Larry Summers Joins Andreessen Horowitz as Special Advisor

Andreessen Horowitz is announcing today that economist, former US Treasury Secretary and former President of Harvard Larry Summers is joining the firm as a special advisor.

Beyond his well known academic and political credentials, Marc Andreessen was quick to point out that Summers has nerd cred too: He was admitted at MIT at the age of 16 to study physics.

Summers will be part time, acting in an advisory role exclusive to the firm. Specifically, he’ll be helping startups think through economic and pricing models as they strive to disrupt large industries, not only in the United States but in the turbulent and ever-changing global economy.

Although Andreessen Horowitz is one of the only big name Silicon Valley firms not investing in emerging markets directly, all of its companies are seeking to tap into them and many like Jawbone, ShoeDazzle and Lytro are made possible by the flattened, global economy.

The inspiration for the role comes from Hal Varian, a top economist who played a pivotal role in helping Google rethink the ad market, laying the foundation for several of the key algorithms that went into the paid search model, Andreessen says.

Not surprisingly, the conduit for Summers and Andreessen’s relationship was Facebook COO Sheryl Sandberg, an early protege of Summers at Harvard who also worked with him at the World Bank and the Treasury. Andreessen is on Facebook’s board, and several months ago Sandberg insisted the two meet. As a side note, Sandberg is only the second person I’ve ever heard Andreessen describe as “a human router”– the first being, you guessed it, Ron Conway.

The big question is whether this is just one of those glitzy big name announcements venture firms like to make that we never hear about again– ala Bono, Al Gore, and Colin Powell — or whether Larry Summers will actually make a meaningful impact on Andreessen Horowitz’s portfolio companies. “I’m not sure what has gone well or not at other firms, but I know what we’re going to do and several of our entrepreneurs have already starting meeting with him,” Andreessen says.

According to Summers, the firm isn’t being shy with requests. “I go to bed most nights with emails from Marc and wake up most mornings with more emails from Marc,” he says. “I’m not going to be solving the problems in their routing systems, but I’ll be a sounding board giving my insights on the global economy and the feasibility and attractiveness of different pricing schemes.”

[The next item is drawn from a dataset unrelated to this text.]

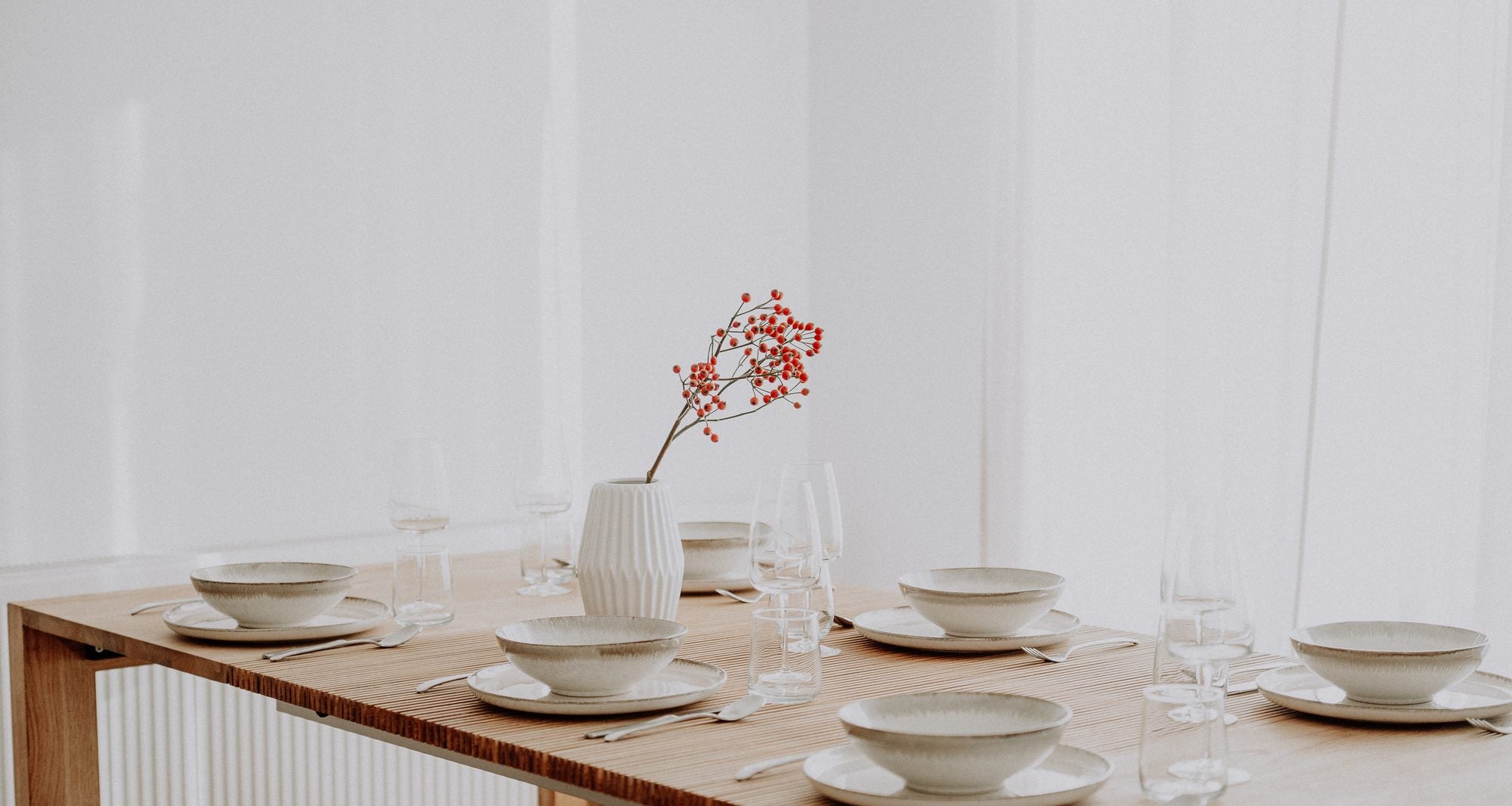 The oak table open, its lattice showing, set for dinner in a bright room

Of course I couldn’t let a world-famous economist entering the Silicon Valley investing fray off the phone without answering another question: Are we in a tech bubble? He noted that economists never give yes or no answers, and added that given the breadth of the Web, the scale of the market, and the revenues associated with the ruling tech startups rendered any comparisons to the late 1990s “too facile.” But as a good economist, he hedged all that saying one always had to be wary when euphoria is building. I asked if this was a period of euphoria now and he demurred, saying he was sticking to the intentionally vague answer above. In other words, I got a solid “not now but maybe later.”

Let’s hope Mr. Summers has clearer answers for Andreessen Horowitz’s portfolio. If his depiction in The Social Network was remotely accurate (a big if considering the film in question) he’ll win points among many entrepreneurs. He was the voice of reason advising the Winklevoss twins to “come up with a new project” and telling them their whining wasn’t “worthy of Harvard.” Amen to that.